Başkan’a o haber verdi
Paul Henze, 1977 yılında Ankara’dan ayrılarak merkeze döndü. Beyaz Saray’da başkana danışmanlık yapmakla görevli Ulusal Güvenlik Konseyi’nde CIA temsilcisi olarak 1980 yılına kadar görev yaptı. 12 Eylül 1980’de ordu darbe yaptığında bu haberi dönemin ABD Başkanı Jimmy Carter’a veren kişi de Paul Henze oldu. Henze, gazeteci Mehmet Ali Birand’a daha sonra verdiği bir mülakatta Carter’a “Bizim çocuklar başardı” diye haber verdiğini anlatmıştı.
Paul Henze, Türkiye’de Papa ikinci Jean Paul’e Mehmet Ali Ağca tarafından düzenlenen suikastle ilgili teorileriyle de tanınıyor. Paul Henze, 1981 yılındaki suikastten sonra yazdığı “Papa’yı öldürme planı” isimli kitapla Ağca’nın Bulgarlar tarafından desteklediği teorisini yazan ilk isimlerden biri olmuştu.
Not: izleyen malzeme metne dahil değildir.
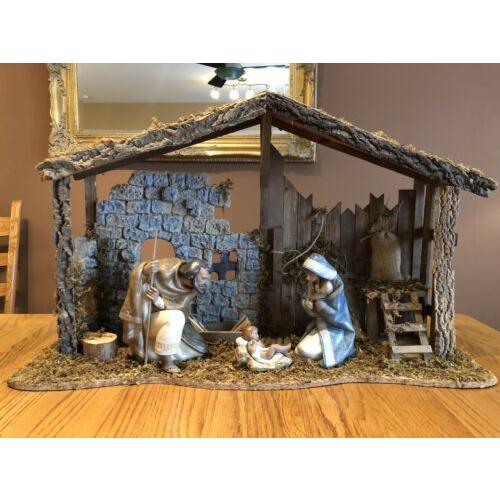 リヤドロ Lladro 4 Piece Nativity Set. Joesph, Mary, And Jesus, Stable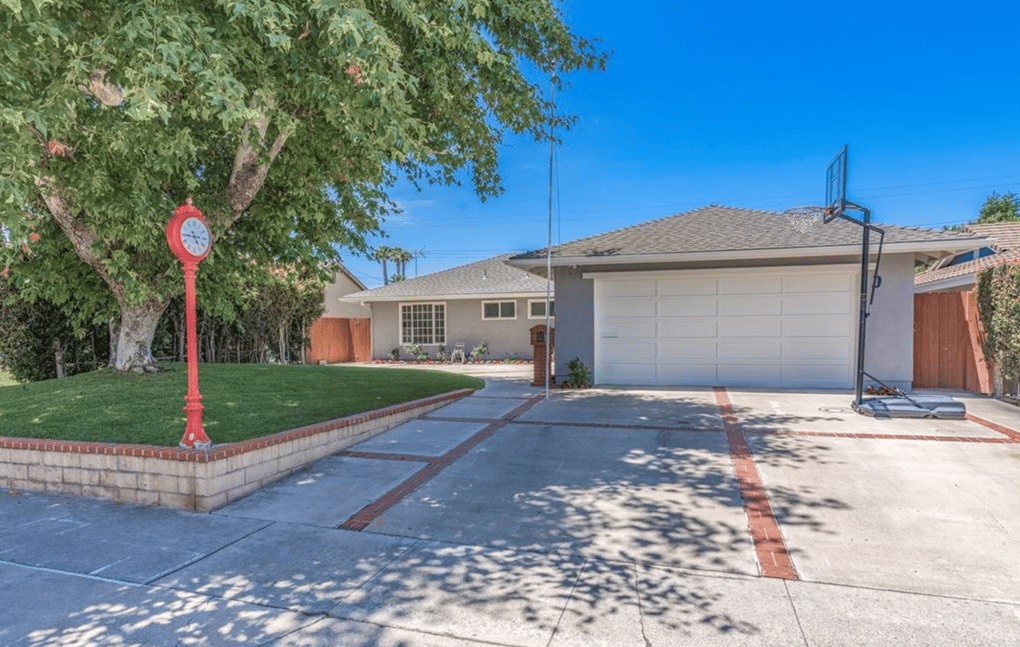 2869 Monterey Ave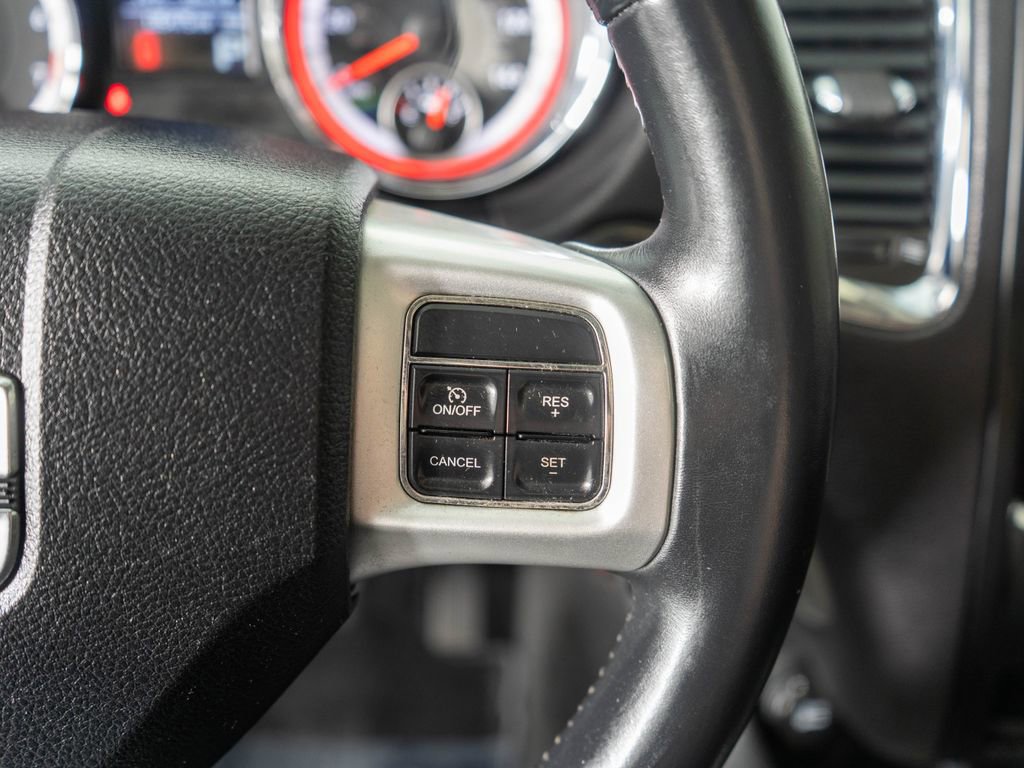 Used 2013 Dodge Durango SXT w/ Rallye Appearance Group AWD/4WD image 16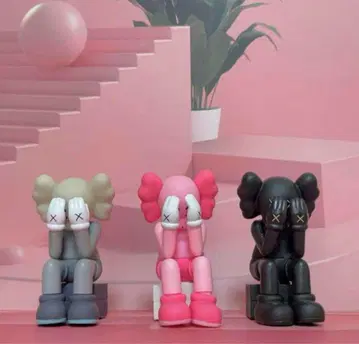 KAWS 피규어 3개 세트 (상자 없음)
Ancak ABD Senatosu’nda 1991’de yapılan oturumlarda Sovyetlerin olayda parmağı olduğu ile ilgili teorilerin teşkilat tarafından teşvik edildiği ortaya çıkmıştı. Paul Henze’nin Abdi ipekçi suikastinde rolü olduğu yönünde iddialar da bulunuyor.
Paul Henze 1924 yılında Minnesotta’da doğdu. ikinci Dünya Savaşı’nda üç yıl Avrupa’da savaşan Henze, Harvard Üniversitesi’nde Sovyet araştırmaları üzerine master yaptı. Paul Henze 1950-52 yıllarında Amerikan Dışişleri Bakanlığı’nda, 1952-58 yıllarında da Almanya’da Radio Free Europe’da çalıştı.
Türkçe dahil 12 dil biliyordu
Daha sonra Ulusal Güvenlik Konseyi’nde birlikte çalıştığı Zbigniew Brzezinski ile de burada tanıştı. Henze hükümet görevlerinden ayrıldıktan sonra uzun yıllar Rand Corp isimli düşünce kuruluşu için analizler yaptı. Henze Türkçe, Rusça, Fransızca ve Almancayı akıcı bir şekilde konuşuyor, ispanyolca, Lehçe dahil 12 dil biliyordu. Henze’nin 6 çocuğu var.